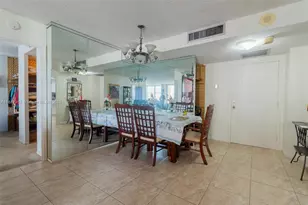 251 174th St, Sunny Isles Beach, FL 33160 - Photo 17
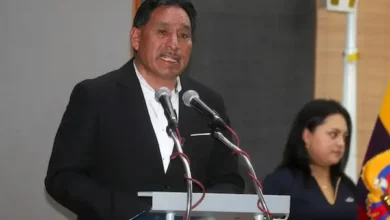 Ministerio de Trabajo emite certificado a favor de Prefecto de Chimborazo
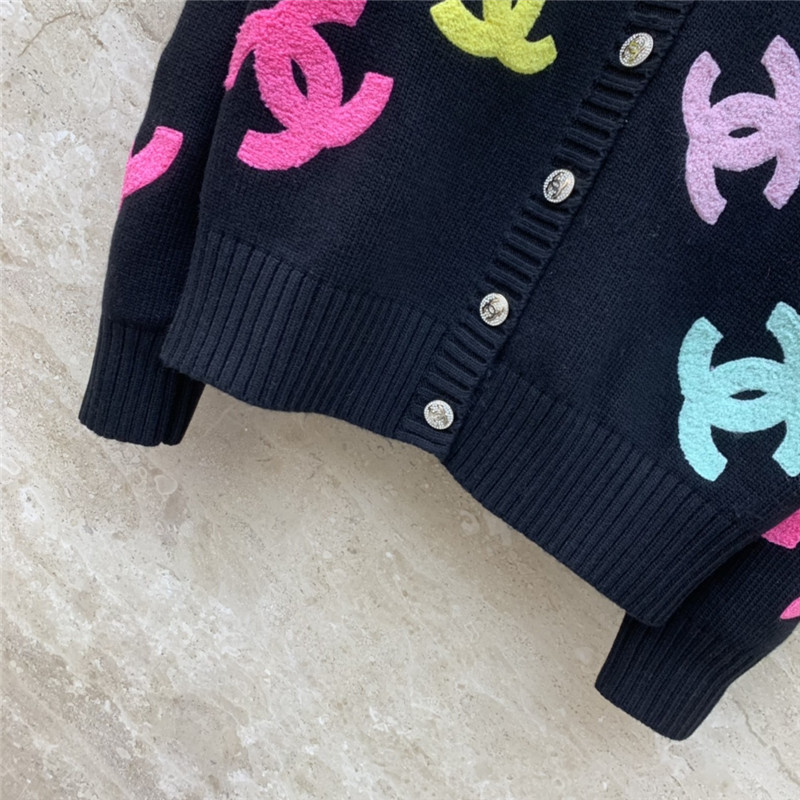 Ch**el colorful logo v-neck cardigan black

--

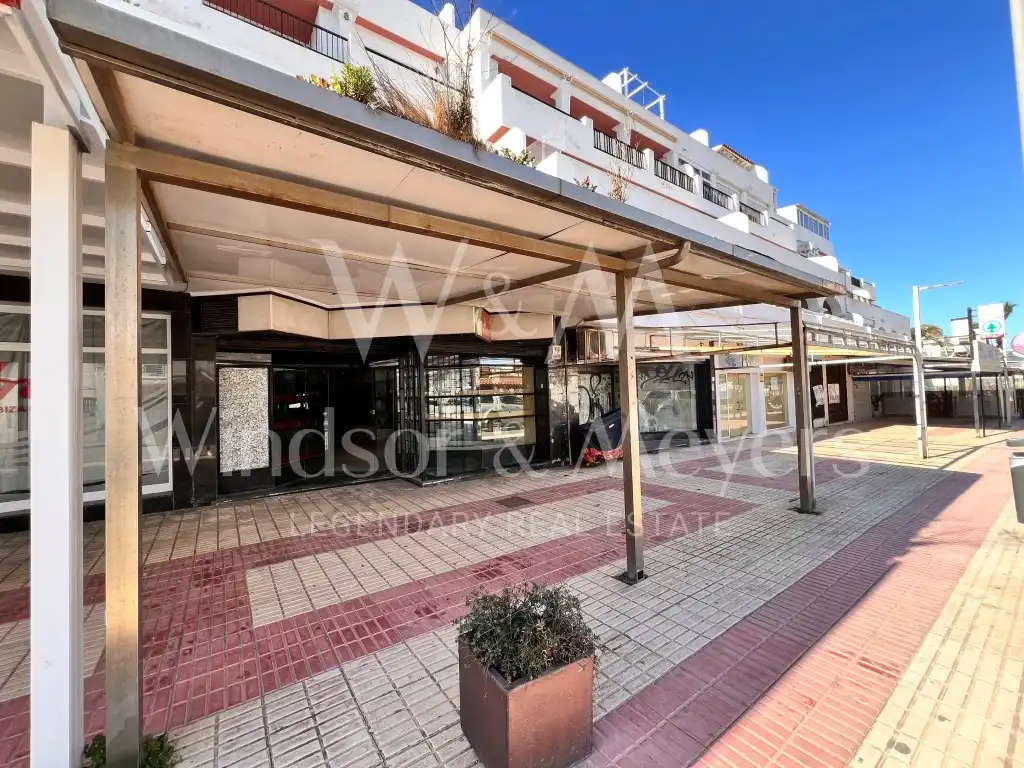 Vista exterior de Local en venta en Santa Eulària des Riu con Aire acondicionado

--

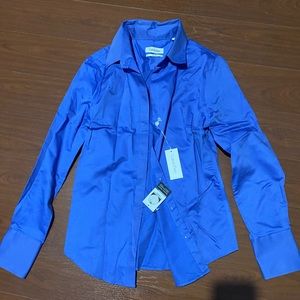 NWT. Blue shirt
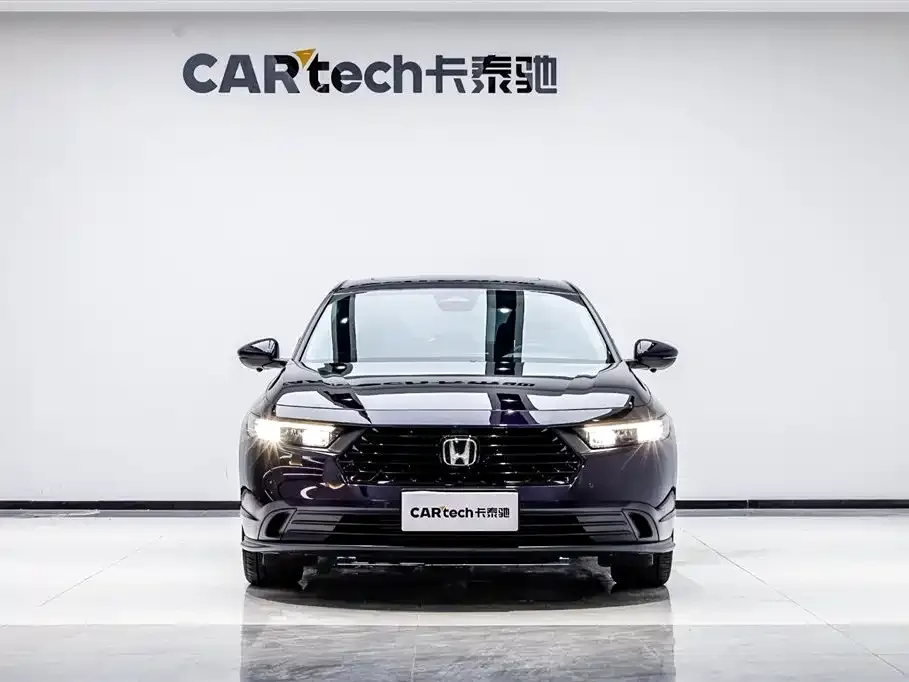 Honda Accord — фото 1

== Brief ==
Copy only what lies between the line with "251 174th St, Sunny" and the line with "Ch**el colorful logo v-neck cardigan black", those two lines included, exactly as given above; pictures stay out.

== Output for this task ==
 251 174th St, Sunny Isles Beach, FL 33160 - Photo 17
 Ministerio de Trabajo emite certificado a favor de Prefecto de Chimborazo
 Ch**el colorful logo v-neck cardigan black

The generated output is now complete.